TO DO: The following entries should be restated word for word, pictures excluded.

MATERIALS PROVIDED:
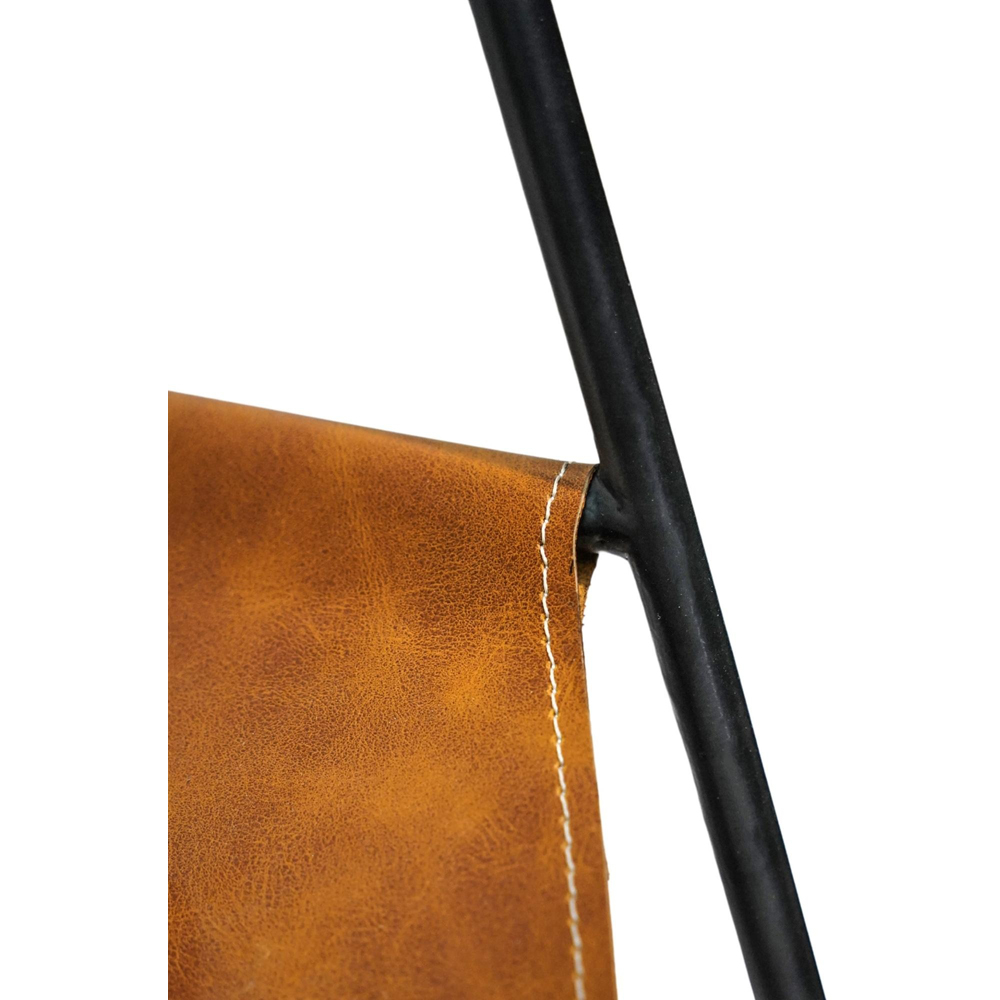 Ivyline Contemporary Black Hanging Leather Log Holder Image 4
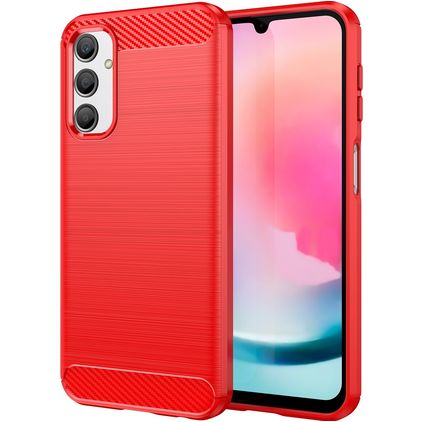 Mobigear Brushed Slim Samsung Galaxy A24 Joustava TPU Suojakuori - Punainen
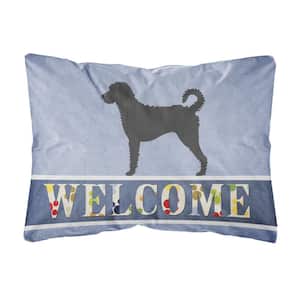 12 in. x 16 in. Multi-Color Lumbar Outdoor Throw Pillow Labradoodle Welcome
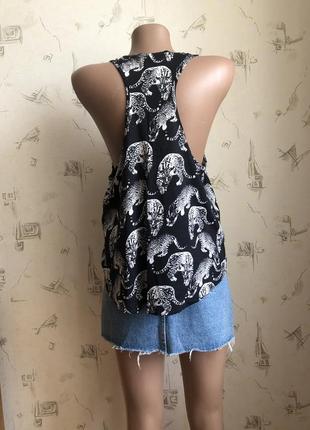 Майка эко хлопок, майка в животный принт с тиграми, gina tricot eco cotton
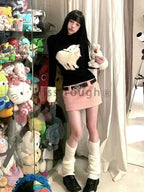 Winter Vingate New 2 Piece Set Women Patchwork Elegant Y2k Knitted Skirt Suit Female Korean Fashion Design Casual Belt Set 2025 - Matrix-studios.com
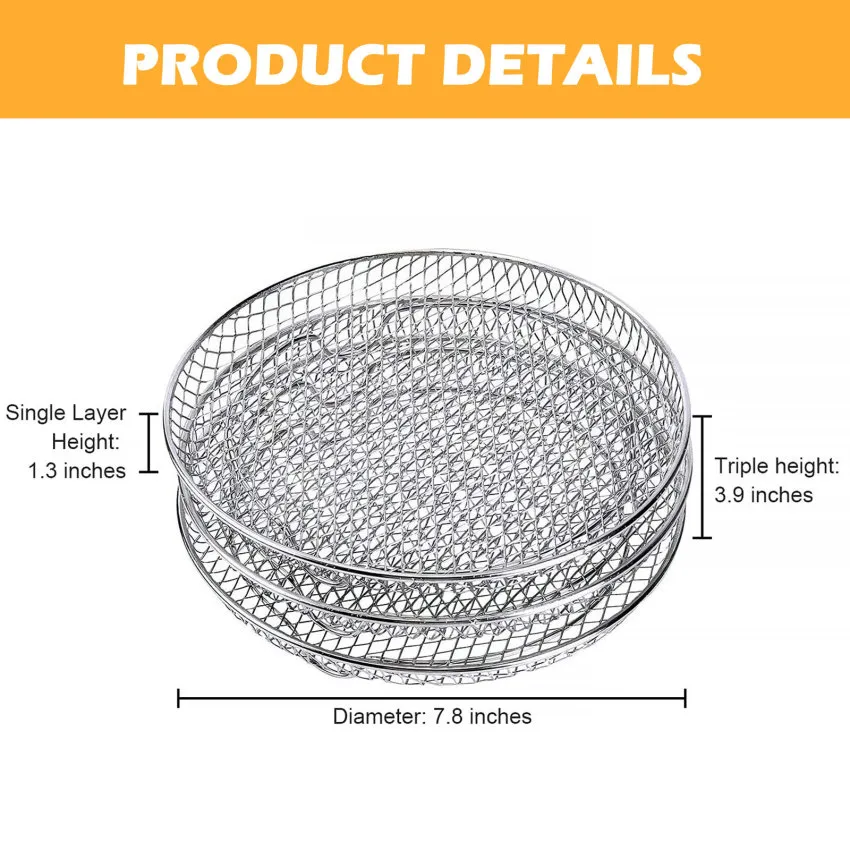 Deepened Air Fryer Rack 3 Pcs For , Stackable Round Air Fryer Accessories,  304 Stainless Steel Multi-layer Dehydrator Rack, Compatible With 4.8l-6.6l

ANSWER BOX:
 Ivyline Contemporary Black Hanging Leather Log Holder Image 4
 Mobigear Brushed Slim Samsung Galaxy A24 Joustava TPU Suojakuori - Punainen
 12 in. x 16 in. Multi-Color Lumbar Outdoor Throw Pillow Labradoodle Welcome
 Майка эко хлопок, майка в животный принт с тиграми, gina tricot eco cotton
 Winter Vingate New 2 Piece Set Women Patchwork Elegant Y2k Knitted Skirt Suit Female Korean Fashion Design Casual Belt Set 2025 - Matrix-studios.com
 Deepened Air Fryer Rack 3 Pcs For , Stackable Round Air Fryer Accessories,  304 Stainless Steel Multi-layer Dehydrator Rack, Compatible With 4.8l-6.6l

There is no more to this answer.